Laugh often. Find the humor in things.  Irreverence is sometimes the only saving grace in tragedy.

Defy any convention that doesn't reflect who you are or what you feel. Be yourself. It's a tough act to follow.

Don't be a slave to money. Use it to survive and use it improve your life. And if there's not enough to do both, use it to improve your life.

One word: Karma. It really does all come back at you. And anyway, why be unpleasant? 

Learn how to say no.

Learn how to say yes.

Learn how to say I'm sorry.

Be clean. Your house and your body should always be ready for company. 

Always keep a chilled bottle of champagne on hand. And when you open it, replace it. (Notice I said when, not if.)

Don't concern yourself with fads. Wear clothes that make you feel at home with yourself. The self-confidence you'll exude will make you look years younger and twice as beautiful as any fashion slave.

Treat guests like family, and family like company, so your guests feel at home and your loved ones feel special.

Don't be afraid to take chances. "If only.." are the two saddest words to murmur on your deathbed.

When it comes to love, more is seldom enough.

“There are places I remember....”

One by one the landmarks of my past have been disappearing over the years, each one a favorite haunt where I spent time and enjoyed myself, or a benchmark for a certain period of my life.

First it was the College Hill Bookstore which I’d been going to since I was a teenager.  Located right in the heart of the East Side in an eclectic part of town, it would stay open each night until midnight, and, according to the sign in the window, was “Dedicated to the art of browsing.” Many of my first “serious” books came from its shelves of poetry, novels, travel or philosophy.

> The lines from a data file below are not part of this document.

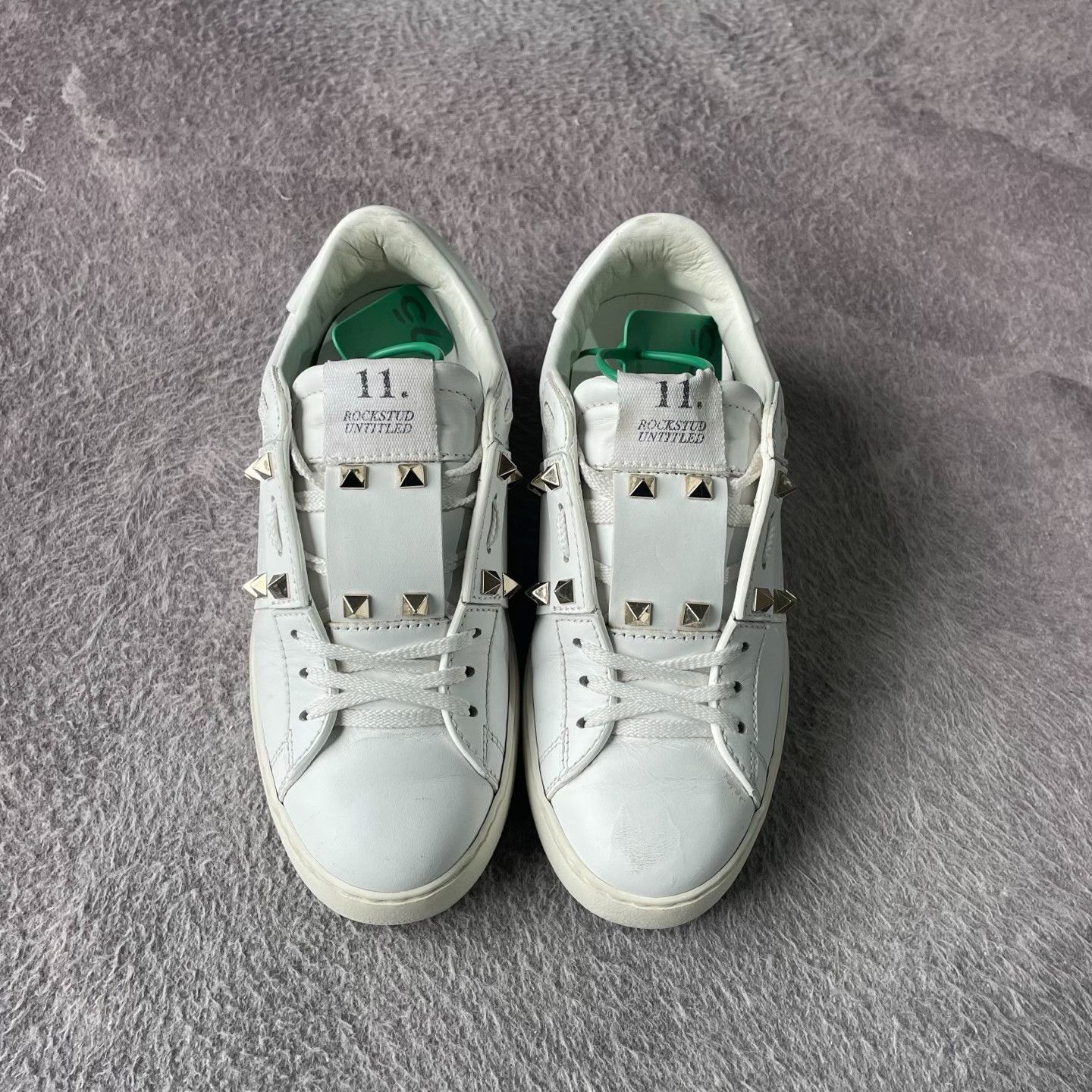 Valentino Valentino White Lowtop Sneakers S Women Size US 6 / IT 36 - 2 Thumbnail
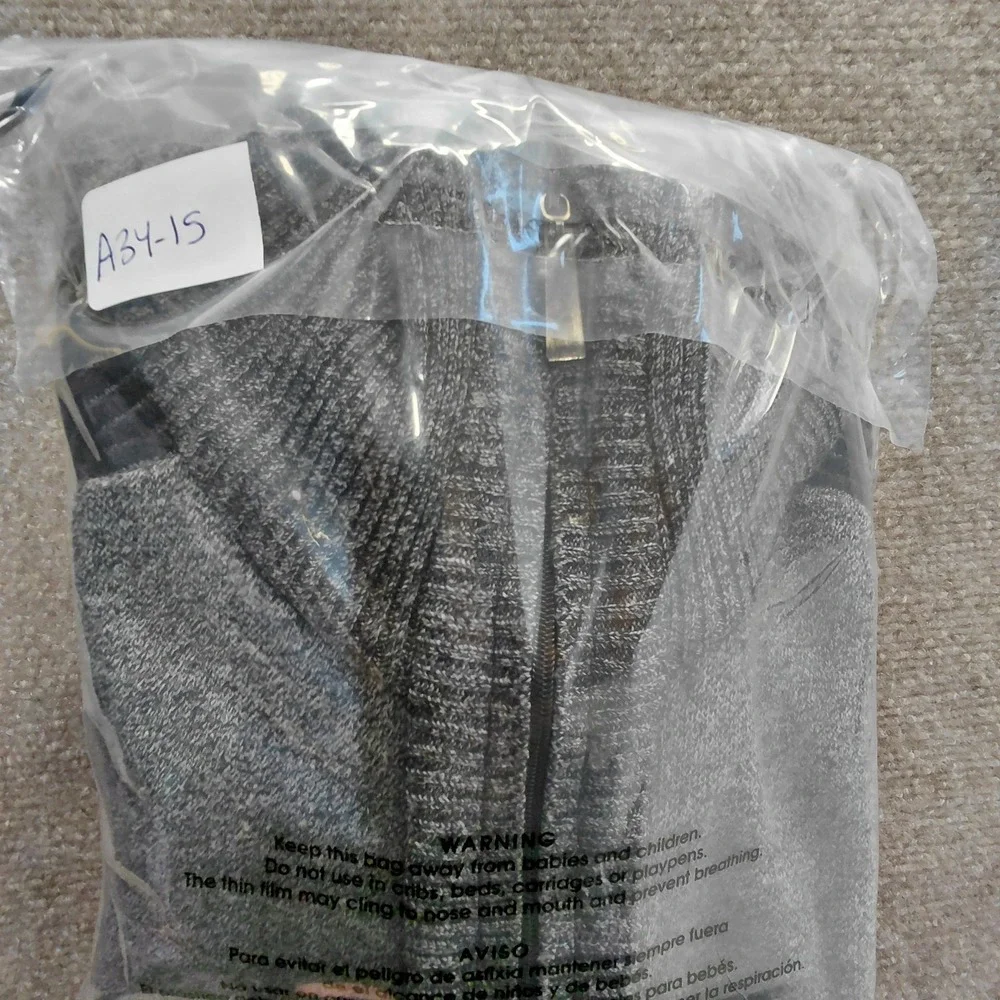 The North Pole 1/4 Zip Sweater Mens MEDIUM Gray Black Elbow Patches Lightweight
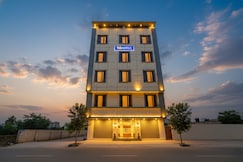 FabHotel CG International - 500 Metre from New Delhi Railway Station, Delhi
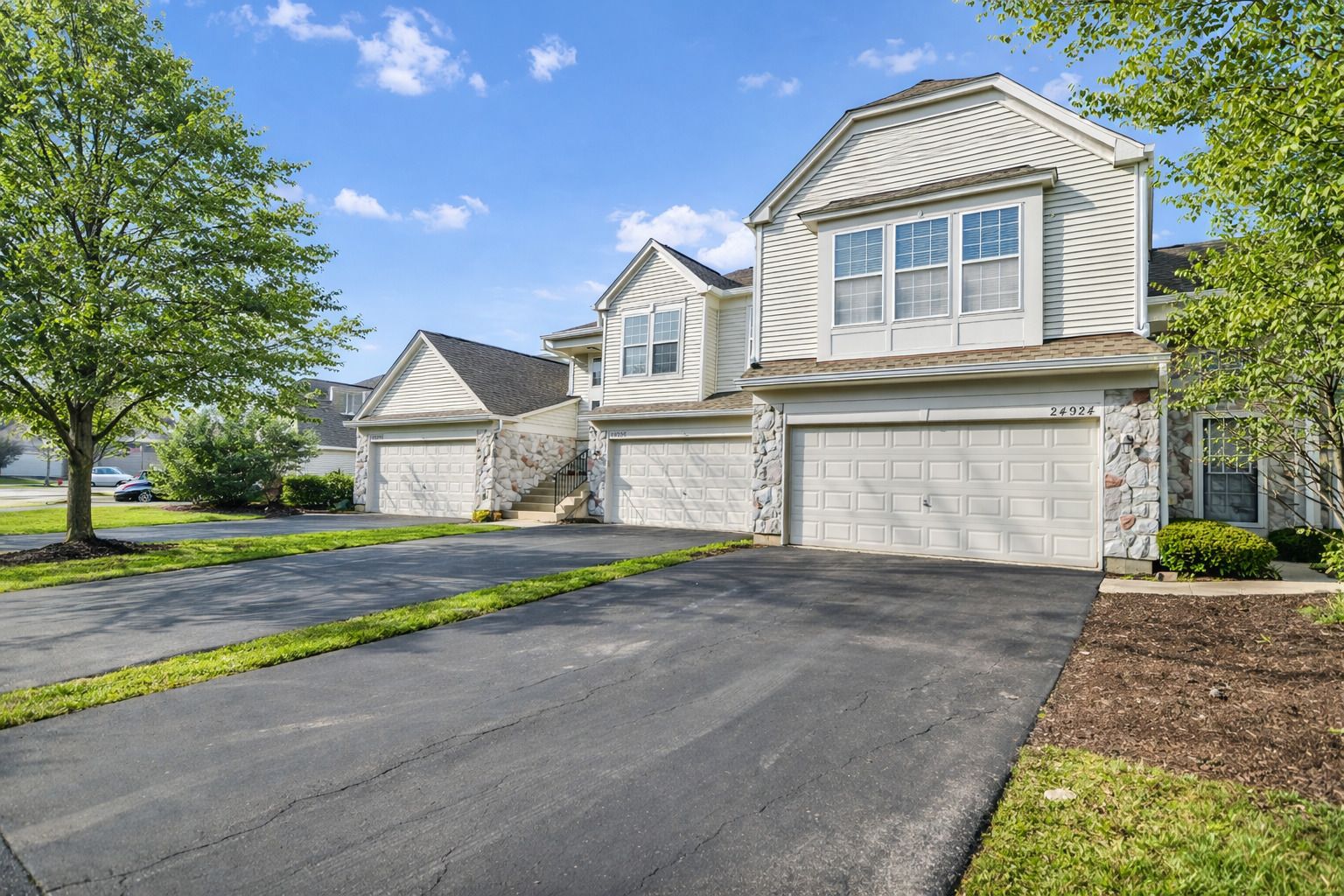 24924 Franklin Lane — Plainfield, IL 60585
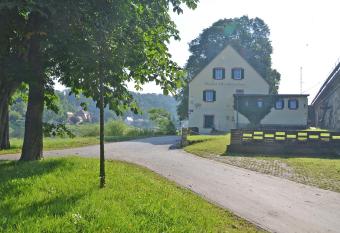 Elbschl  sschen Refugium allows 18 year olds to book a room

Next it was Second Thoughts - easily my favorite second hand bookstore in all creation! The scent of old books when you went inside was nearly overpowering. Assuming you ever got inside.  On the outside wall by the front door there were two enormous bookcases, each one at least seven feet tall and filled to overflowing with books of all kinds in various stages of repair.  A sign pinned over the top announced: “ALL BOOKS $1”  (Get thee behind me, Satan!)  Inside, the shelves groaned with books in every possible category, while behind the counter the owner had a special hoard of 18th nd 19th gilt-edged collector's editions with embossed covers. The general price could be anywhere from two dollars up to twenty, and I don’t think I ever came home from there with fewer than four or five books, most of them from the outdoor shelves.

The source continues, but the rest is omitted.